By BOB FRANKEN
Even in their agony, all of those who despise anyone or anything having to do with Donald Trump at least can take some comfort in the ridicule that accompanies his every buffoonish action and the preposterously polluted stream of consciousness that spills out of the very impaired frontal lobe of his brain. He was at it again — not on Twitter, where he usually vents his spleen, but in an interview with Hill.TV. He was escalating his relentless attacks on Attorney General Jeff Sessions, who had the audacity to recuse himself and leave the president (meaning him) exposed to a Robert Mueller investigation to determine whether he cooperated with Vladimir Putin’s Russian government with its insidious influence over the election. “I don’t have an attorney general,” he complained. “It’s very sad.” What’s really sad, of course, is that Trump seems to believe that his Cabinet members are there to serve him and not the people of the United States. That is particularly outrageous when it come to the attorney general, who is the nation’s top law enforcement officer.

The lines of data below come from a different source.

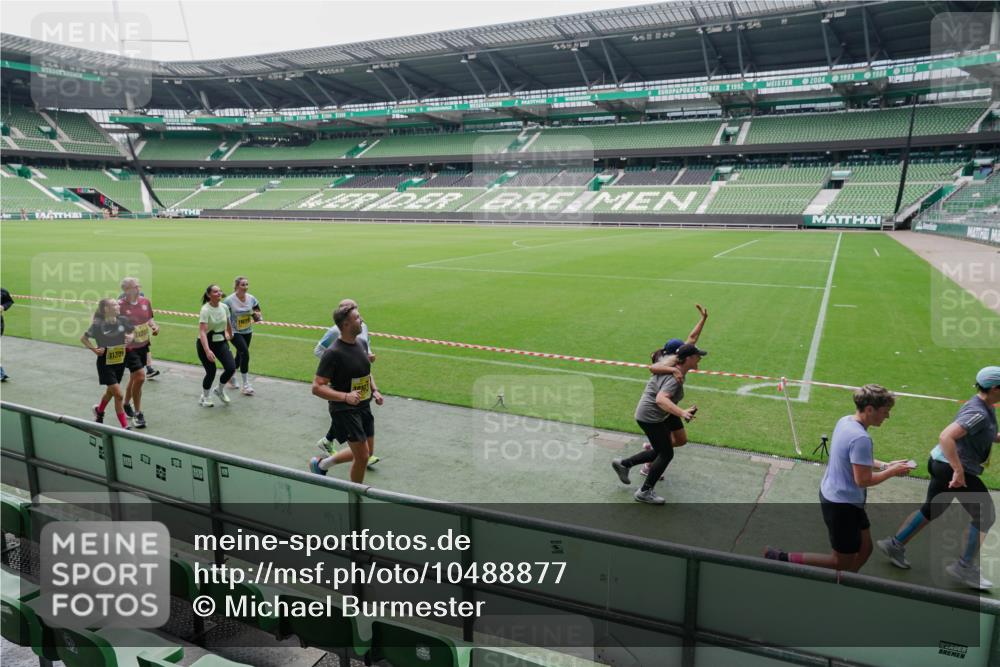 13.09.2026 - 21. swb-Marathon Bremen Michael Burmester http://msf.ph/oto/10488877 13.09.2026 10:36:22 Laufen im Stadion 10092, 10093, 10144, 10152, 10153, 10154, 10160, 10173, 10175, 10181, 10182, 10186, 10187, 10195, 10198, 10237, 10245, 10251, 10257, 10263, 10272, 10275, 10278, 10291, 10296, 10306, 10309, 10327, 10331, 10332, 10338, 10357, 10377, 10382, 10390, 10403, 10409, 10411, 10420, 10427, 10429, 10439, 10473, 10477, 10481, 10492, 10497, 10500, 10528, 10531, 10560, 10569, 10607, 10613, 10617, 10633, 10636, 10647, 10648, 10659, 10671, 10672, 10715 meine-sportfotos.de
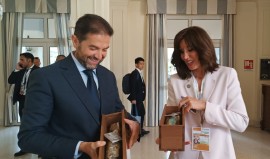 Le bottiglie Sirenyx in dono per le delegazioni di tutto il mondo giunte per il G7 su Scienza e Tecnologia
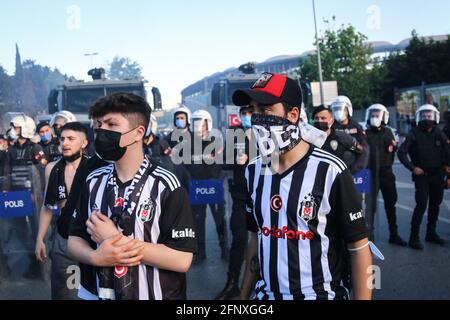 Istanbul, Turchia. 19 maggio 2021. I fan sono visti in attesa della cerimonia dei trofei. La cerimonia di trofeo del campionato turco Super League 2020-2021 Besiktas si è tenuta allo stadio Vodafone. (Foto di Hakan AKGUN/SOPA Images/Sipa USA) Credit: Sipa USA/Alamy Live News Foto Stock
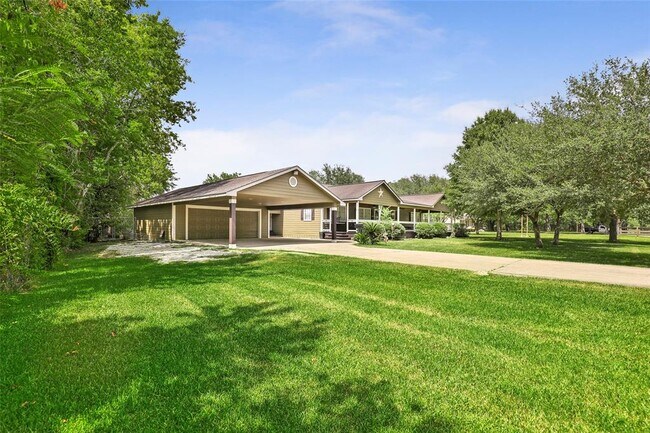 Photo - 4249 Lord Rd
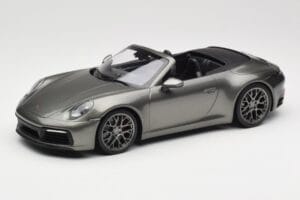 Porsche 911 992 Carrera 4S Cabriolet Mamba Green Metallic Minichamps 1:18 155067337 Métal Moulé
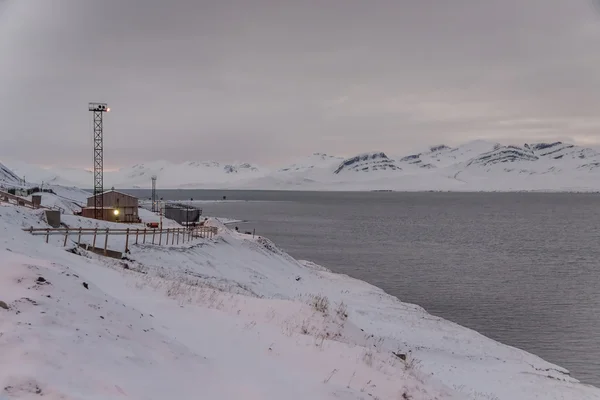 Barentsburg - aldeia russa em Spitsbergen — Fotografia de Stock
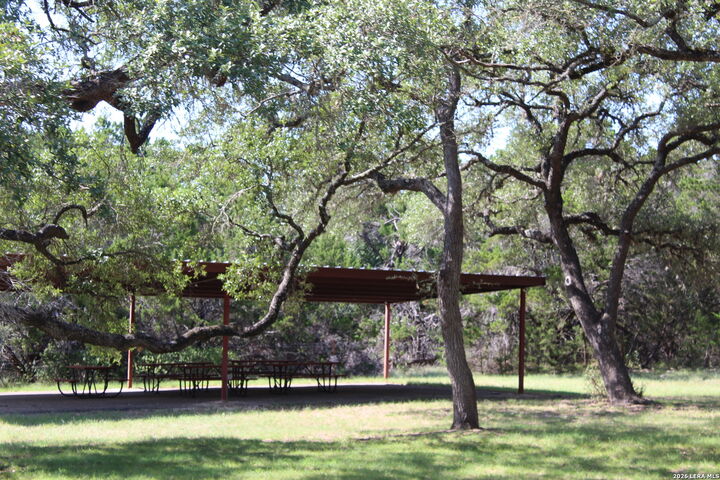 Property Photo:  858 Ledgeview  TX 78133 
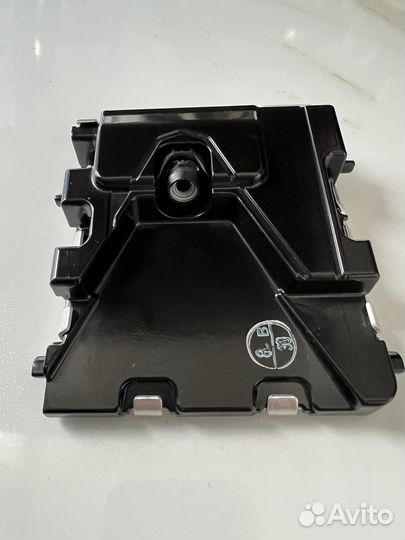 Камера чтения дорожных знаков Lexus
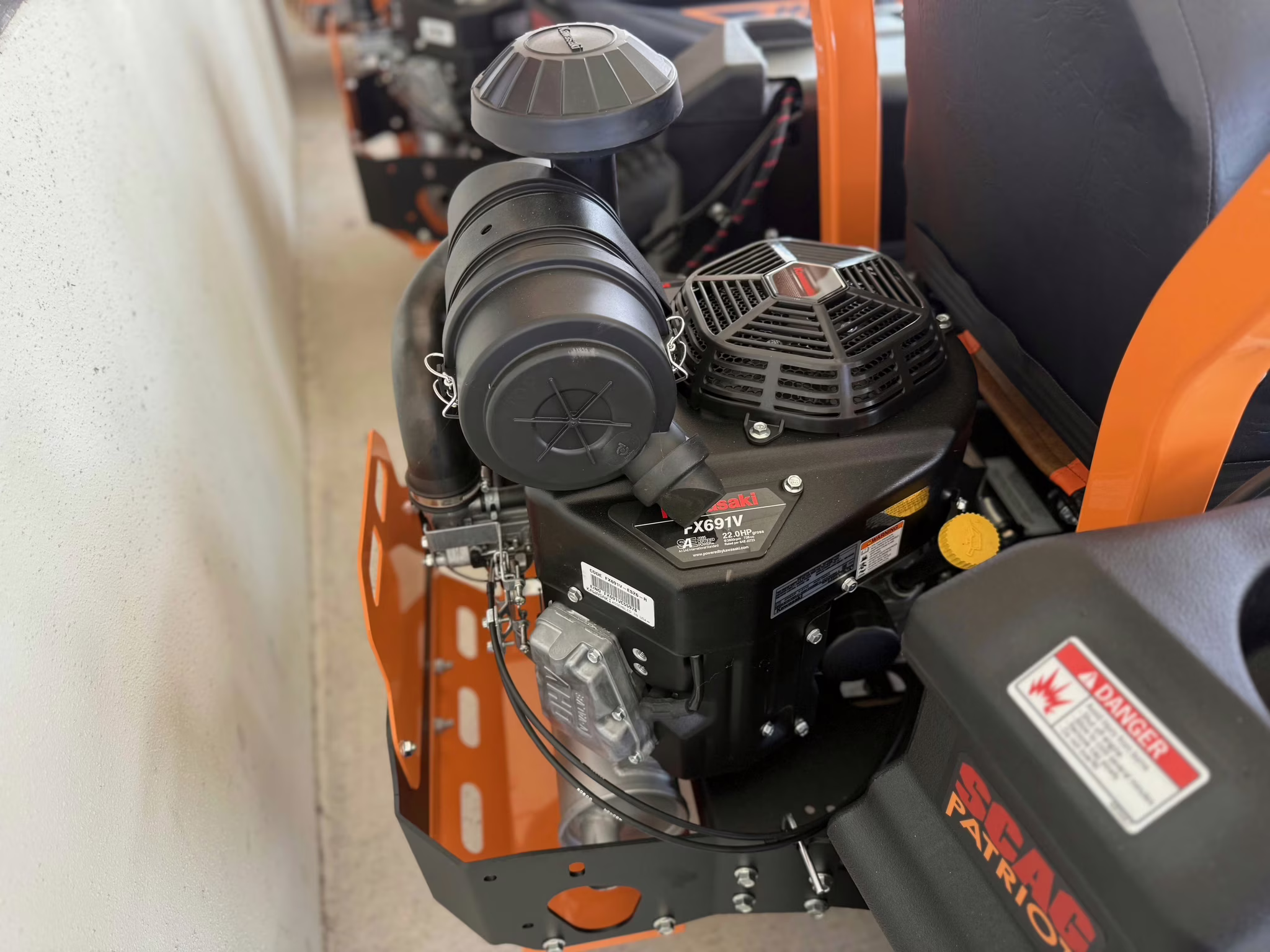 2026 - SCAG Patriot SPZ52H-22FX Lawn Mower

Nothing in the AG’s job description states that he must have Trump’s back. But this chief executive believes, like any Mafia chieftain, that loyalty is the No. 1 qualification for his subordinates.
There are certainly indications that this assumption of absolute fealty extends to those he would put in place on the Supreme Court. Brett Kavanaugh’s record as a judge showing extreme deference to the presidency in the constant tug of war over the country’s balance of power makes Kavanaugh the ideal Donald Trump nomination, particularly a Donald Trump who faces such legal challenges and with a Congress that might actually resist his abuses. Successfully pushing through Kavanaugh would mean that the nation’s highest court would be packed with his right wingmen.

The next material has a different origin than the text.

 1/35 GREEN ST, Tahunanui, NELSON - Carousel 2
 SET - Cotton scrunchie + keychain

In that regard, it’s a shame that Senate Republicans can ignore such substantive questions as the entire “advise and consent” process once again deteriorates into a “he said, she said” debate over whether Kavanaugh nearly raped a fellow teenager at a drunken party of students from private prep schools back in the 1980s. Even though the GOP senators publicly are, uh, groping to find ways to leave an impression that they are sensitive to the woman, now college professor Christine Blasey Ford, who is making that charge, they really are not. Unsurprisingly the Trumpster doesn’t even try to hide his disdain for females who blow the whistle on male piggish behavior, tweeting: “I have no doubt that if the attack on Dr. Ford was as bad as she says, charges would have been immediately filed with local Law Enforcement Authorities by either her or her loving parents.”
He and the Republican senators are hell-bent on rushing through Kavanaugh’s elevation to the high court before the midterm elections. Even so, the last-minute accusations of sexual assault raise important issues, just like the Clarence Thomas hearings brought workplace harassment to the forefront back in 1991. But all that overwhelmed the real debate about whether Thomas was qualified to assume a spot in the SCOTUS bench. Today, 27 years later, similar questions are raised as the “Me Too” movement has forced us to grapple with society’s unresolved struggles with sexual relations. Certainly, we can agree that such an assault like the one alleged about Brett Kavanaugh is reprehensible, that “boys will be boys” attitudes don’t cut it. But should such conduct by a high school kid with raging hormones ever be forgiven? By the way, Kavanaugh adamantly denies he ever did any such thing.
We will find almost no certain proof one way or the other. Brett Kavanaugh probably will become Justice Kavanaugh in spite of the fact he’s a predictable partisan and not the impartial judge he claims to be. Trump will have another protector in place. Kavanaugh’s only risk will be, like Jeff Sessions, he will never do enough to please his master, Donald Trump.